▽

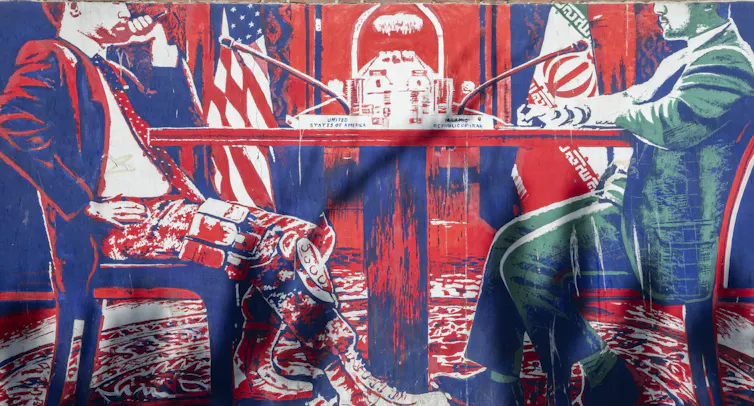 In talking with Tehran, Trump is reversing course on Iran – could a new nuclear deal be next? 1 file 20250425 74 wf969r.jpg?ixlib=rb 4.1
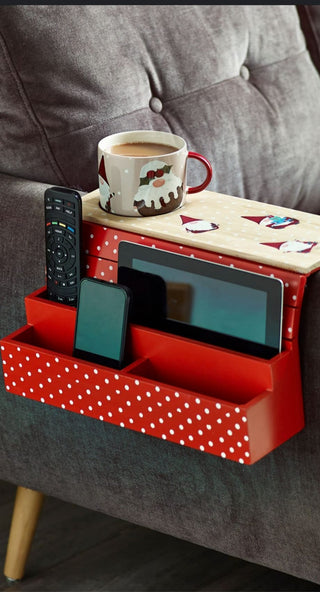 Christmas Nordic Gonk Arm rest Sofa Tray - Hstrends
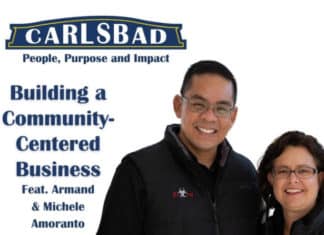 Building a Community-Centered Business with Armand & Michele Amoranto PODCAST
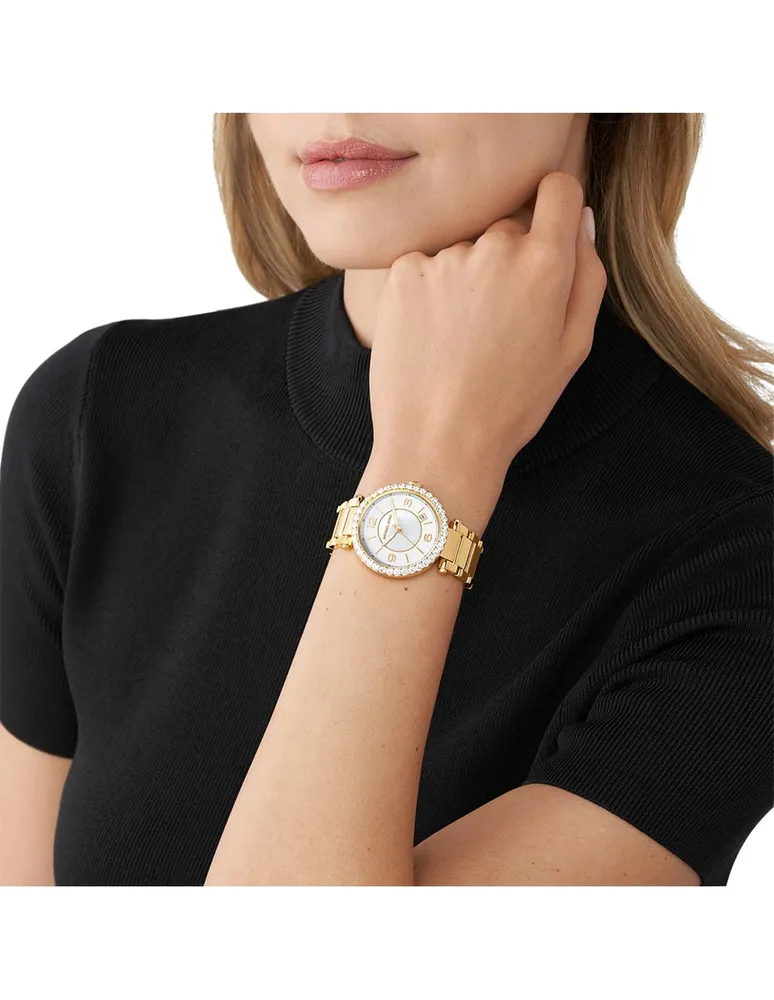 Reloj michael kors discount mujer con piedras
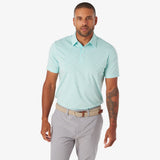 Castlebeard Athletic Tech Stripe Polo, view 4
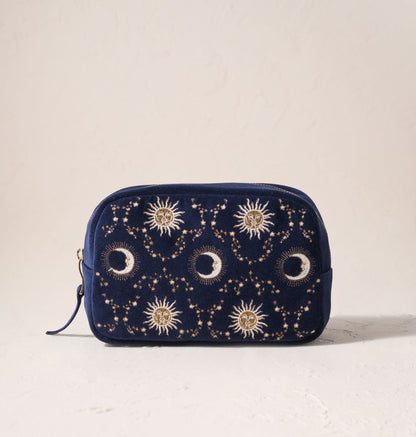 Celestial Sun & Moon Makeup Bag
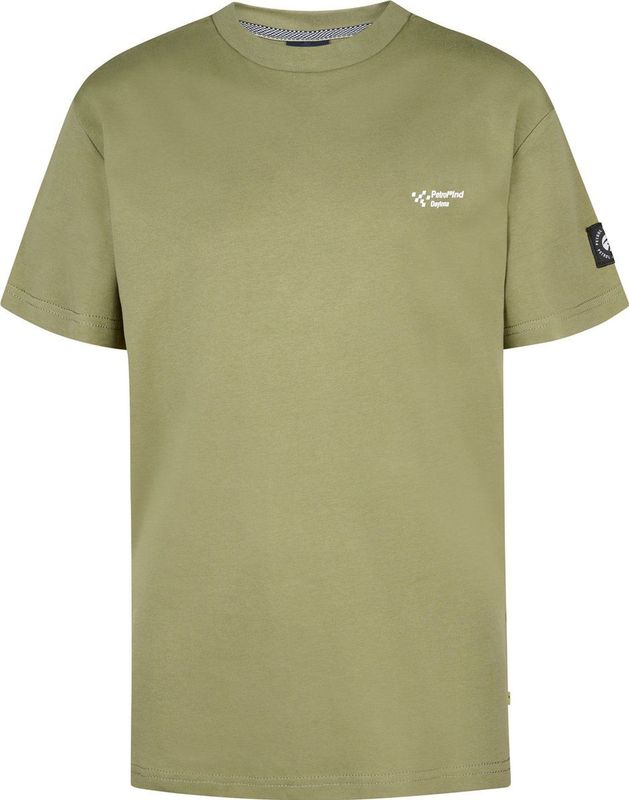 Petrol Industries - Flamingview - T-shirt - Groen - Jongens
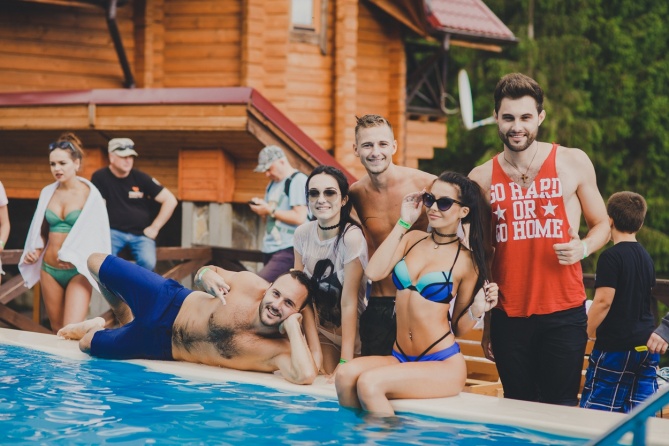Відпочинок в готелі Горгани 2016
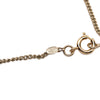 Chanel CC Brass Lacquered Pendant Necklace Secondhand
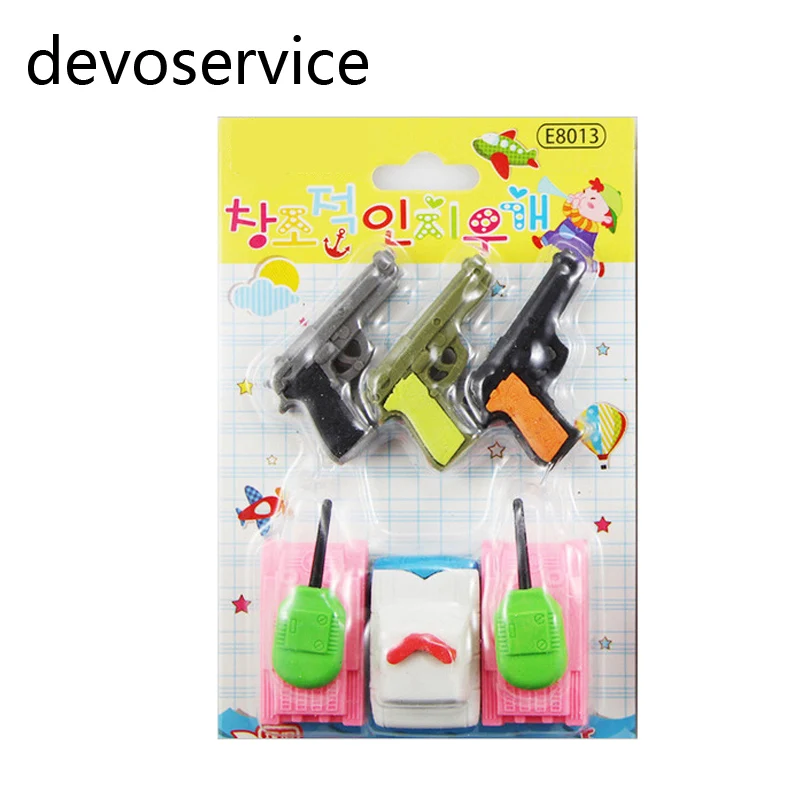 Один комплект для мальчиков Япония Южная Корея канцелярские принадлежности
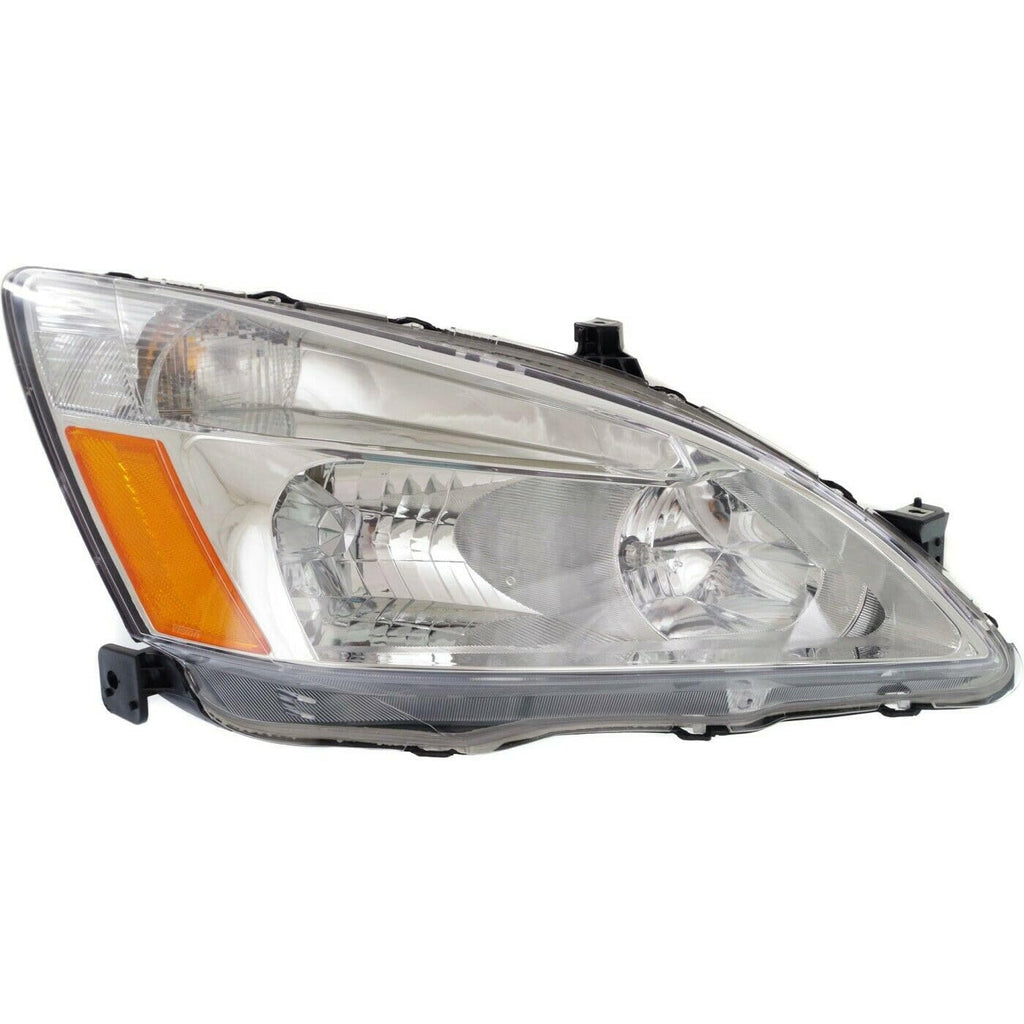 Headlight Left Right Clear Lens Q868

△

** EXERCISE OBJECTIVE **
I would like the lines from the one with "Chanel CC Brass" through the last line of the data above retyped exactly, with pictures left out, please.

** SOLUTION **
 Chanel CC Brass Lacquered Pendant Necklace Secondhand
 Один комплект для мальчиков Япония Южная Корея канцелярские принадлежности
 Headlight Left Right Clear Lens Q868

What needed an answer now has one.